What the exercise asks →
Your task is to transcribe the material that follows, line by line and exactly.

Information shown →
-- Opening Marker --

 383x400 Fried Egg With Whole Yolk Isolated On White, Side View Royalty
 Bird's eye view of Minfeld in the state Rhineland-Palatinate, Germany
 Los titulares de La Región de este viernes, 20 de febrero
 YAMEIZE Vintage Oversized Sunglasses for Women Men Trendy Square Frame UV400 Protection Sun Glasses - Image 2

-- Closing Marker --

Result →
 383x400 Fried Egg With Whole Yolk Isolated On White, Side View Royalty
 Bird's eye view of Minfeld in the state Rhineland-Palatinate, Germany
 Los titulares de La Región de este viernes, 20 de febrero
 YAMEIZE Vintage Oversized Sunglasses for Women Men Trendy Square Frame UV400 Protection Sun Glasses - Image 2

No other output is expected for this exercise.